Warisan tersebut adalah ilmu agama, yang merupakan peninggalan para nabi kepada umatnya. Hanya sedikit orang yang mau mengambil warisan tersebut, lebih-lebih lagi di masa kini. Merekalah para ulama, orang-orang yang memiliki sifat “tamak” dalam mendapatkan warisan nabi. Tidakkah kita ingin meniru mereka?
Di samping sebagai perantara antara diri-Nya dengan hamba-hamba-Nya, dengan rahmat dan pertolongan-Nya, Allah subhanahu wa ta’ala juga menjadikan para ulama sebagai pewaris perbendaharaan ilmu agama sehingga ilmu syariat terus terpelihara kemurniannya sebagaimana awalnya. Kematian salah seorang dari mereka mengakibatkan terbukanya fitnah (ujian) besar bagi muslimin.
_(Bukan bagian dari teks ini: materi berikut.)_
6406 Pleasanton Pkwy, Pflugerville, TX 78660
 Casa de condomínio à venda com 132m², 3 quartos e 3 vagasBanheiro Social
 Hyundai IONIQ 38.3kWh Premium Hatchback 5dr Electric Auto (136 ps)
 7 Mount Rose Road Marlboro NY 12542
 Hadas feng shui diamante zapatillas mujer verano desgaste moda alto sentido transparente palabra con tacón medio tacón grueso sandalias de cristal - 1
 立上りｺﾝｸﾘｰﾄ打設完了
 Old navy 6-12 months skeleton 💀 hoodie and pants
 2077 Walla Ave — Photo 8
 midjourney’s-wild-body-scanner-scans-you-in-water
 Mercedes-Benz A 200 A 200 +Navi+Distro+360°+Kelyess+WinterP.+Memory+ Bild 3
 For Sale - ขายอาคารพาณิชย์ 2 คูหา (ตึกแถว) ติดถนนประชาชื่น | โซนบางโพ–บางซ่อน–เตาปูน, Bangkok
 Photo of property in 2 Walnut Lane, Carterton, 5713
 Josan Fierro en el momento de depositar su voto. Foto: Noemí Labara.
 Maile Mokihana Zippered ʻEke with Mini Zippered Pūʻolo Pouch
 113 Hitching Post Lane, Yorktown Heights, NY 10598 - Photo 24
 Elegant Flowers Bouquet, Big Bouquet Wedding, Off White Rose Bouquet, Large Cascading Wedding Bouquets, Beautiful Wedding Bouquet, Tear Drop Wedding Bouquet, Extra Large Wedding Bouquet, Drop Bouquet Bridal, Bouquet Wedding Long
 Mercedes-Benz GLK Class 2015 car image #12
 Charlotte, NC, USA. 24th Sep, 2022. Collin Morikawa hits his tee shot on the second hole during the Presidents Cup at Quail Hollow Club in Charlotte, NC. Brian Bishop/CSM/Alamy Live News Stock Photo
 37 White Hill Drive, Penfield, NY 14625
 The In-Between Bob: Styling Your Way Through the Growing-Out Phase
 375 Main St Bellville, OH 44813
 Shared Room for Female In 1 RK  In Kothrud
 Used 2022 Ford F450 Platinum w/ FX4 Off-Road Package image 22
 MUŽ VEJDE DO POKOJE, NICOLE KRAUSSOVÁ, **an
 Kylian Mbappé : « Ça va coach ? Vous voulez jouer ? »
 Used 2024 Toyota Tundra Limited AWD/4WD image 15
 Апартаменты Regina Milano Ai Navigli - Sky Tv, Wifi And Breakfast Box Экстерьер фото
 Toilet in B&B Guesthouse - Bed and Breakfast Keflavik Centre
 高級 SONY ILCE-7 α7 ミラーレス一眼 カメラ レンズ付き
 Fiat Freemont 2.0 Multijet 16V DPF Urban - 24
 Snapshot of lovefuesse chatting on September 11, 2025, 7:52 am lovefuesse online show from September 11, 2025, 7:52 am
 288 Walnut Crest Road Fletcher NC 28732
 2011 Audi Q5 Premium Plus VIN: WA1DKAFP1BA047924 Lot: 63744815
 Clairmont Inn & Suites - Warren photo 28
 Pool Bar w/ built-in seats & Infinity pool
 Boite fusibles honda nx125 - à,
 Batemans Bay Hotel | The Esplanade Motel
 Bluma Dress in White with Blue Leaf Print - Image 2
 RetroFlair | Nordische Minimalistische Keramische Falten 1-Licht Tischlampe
Rasulullah shallallahu ‘alaihi wa sallam mengisyaratkan hal ini dalam sabdanya yang diriwayatkan Abdullah bin ‘Amr ibnul ‘Ash, Aku mendengar Rasulullah shallallahu ‘alaihi wa sallam bersabda,
إِنَّ اللهَ لَا يَقْبِضُ الْعِلْمَ انْتِزَاعًا يَنْتَزِعُهُ مِنْ الْعِبَادِ وَلَكِنْ يَقْبِضُ الْعِلْمَ بِقَبْضِ الْعُلَمَاءِ حَتَّى إِذَا لَمْ يُبْقِ عَالِمًا اتَّخَذَ النَّاسُ رُءُوسًا جُهَّالًا فَسُئِلُوا فَأَفْتَوْا بِغَ عِلْمٍ فَضَلُّوا وَأَضَلُّوا
“Sesungguhnya Allah subhanahu wa ta’ala tidak mencabut ilmu dengan mencabutnya dari hamba-hamba. Akan tetapi Dia mencabutnya dengan diwafatkannya para ulama sehingga jika Allah tidak menyisakan seorang alim pun, maka orang-orang mengangkat pemimpin dari kalangan orang-orang bodoh. Kemudian mereka ditanya, mereka pun berfatwa tanpa dasar ilmu. Mereka sesat dan menyesatkan.” (HR. al-Bukhari no. 100 dan Muslim no. 2673)
Ibnu Rajab al-Hambali rahimahullah mengatakan bahwa asy-Sya’bi berkata, “Tidak akan terjadi hari kiamat sampai ilmu menjadi satu bentuk kejahilan dan kejahilan itu merupakan suatu ilmu. Ini semua termasuk dari terbaliknya gambaran kebenaran (kenyataan) di akhir zaman dan terbaliknya semua urusan.”